Liz Ikiriko: Flags of Unsung Countries

Dunlop Art Gallery, Regina, SK. 

September 25 - November 15, 2019


Flags of Unsung Countries charts Liz Ikiriko's journey to understand her late father's experiences as an African immigrant living in the Canadian prairies. Documenting places in Nigeria and Canada that hold meaning for the artist and her father, Ikiriko traces similar geographical shifts as those separated from their  ancestral homelands. Ideas about family, home, and belonging are expressed through the images and objects in the installation. Boundaries between past and present are reimagined.


This exhibition asks several questions. What is required of a home? Do we choose to belong or does belonging choose us?


Essay by Nehal El-Hadi


The diaspora is a place of no fixed location, no solid earth. Belonging, for the immigrant, is predicated on the surrender of home. The departure or flight, the moving away from home, means that the immigrant’s demands for belonging are undermined by previous choices or rejections. What right does the immigrant have to an elsewhere? Our relationship to belonging is tenuous at the best of times. The slow and continuous loss of memory, legacy, ritual is the constant bleeding once the pound of flesh is paid.


Memorialising is an insistence on something more than survival, more than the acknowledgment of existence. Rituals of remembrance are an adaptation strategy, a necessary evolution—a way to manage the need for belonging contrasted with the desire for homeland.


In her doctoral dissertation, English professor Karina Vernon writes that “the struggle for memory against the willful forgetting of black history at once constitutes and conserves the poetics of the black prairies.” Here, in Liz Ikiriko’s Flags of Unsung Countries, this struggle for memory produces a visual poetics constituted through gathered objects, recollections, and re-presentations of a Black woman in—and also of—the prairies. Of a daughter’s lived experiences and memories contending with the variegated absences of her late father. Of landscapes and language.
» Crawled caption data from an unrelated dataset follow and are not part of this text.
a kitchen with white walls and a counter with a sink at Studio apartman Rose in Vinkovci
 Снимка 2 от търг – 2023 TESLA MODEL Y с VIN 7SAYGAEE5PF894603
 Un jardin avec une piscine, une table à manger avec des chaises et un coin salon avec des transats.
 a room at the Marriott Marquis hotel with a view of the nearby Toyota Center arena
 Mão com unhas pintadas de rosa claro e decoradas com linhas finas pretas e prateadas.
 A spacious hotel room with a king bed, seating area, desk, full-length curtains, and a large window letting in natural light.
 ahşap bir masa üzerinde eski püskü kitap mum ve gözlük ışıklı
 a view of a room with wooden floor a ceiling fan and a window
In one photograph, Ikiriko sits in the backyard of a nondescript home in Saskatoon, surrounded by the eerie light of a solar eclipse, having collected her father’s ashes. This is a pivotal moment in Ikiriko’s transformative journey: this is when and where the personal, intrinsic value of belonging is revealed through a new understanding of togetherness. The tropology of Ikiriko’s imagery reveals an uncanny commentary on home and family, disrupting an assumed familiarity in several ways. First, through the personal objects turned totems by the literal quest for her father’s home, and by arranging and documenting these fragments of ritual, whether family photograph or handwoven cloth. Second, by foregrounding Saskatchewan as site, Ikiriko challenges the “willful forgetting” of a particular Black Canadian experience. And related to this, through the lens of personal memory, Ikiriko presents together Nigerian and Canadian backdrops, reminding the viewer that both of these landscapes—along with their histories—are reflected in the topography of her own person.


Immigrant nostalgia is the wellspring from which the desire for a homeland is watered. Ikiriko’s cousin, the poet Ibiwari Ikiriko, writes in “Baseless Compass”: “Hope leaks out/From our insides/Leaving us empty/As a basket of water.” This kenophobia finds a suitable backdrop in the massive, empty skies of the prairies that induce a compulsive need to insist on the Black life in and belonging to Saskatchewan. At the same time, it is this massive expanse of sky that contain the possibility of eventual belonging if not to a place, then to a time, as the poet Daniel Scott Tysdal points out, “The sky is not a shape but a duration.”


In Flags of Unsung Countries, the struggle for memory generates its own testimonies.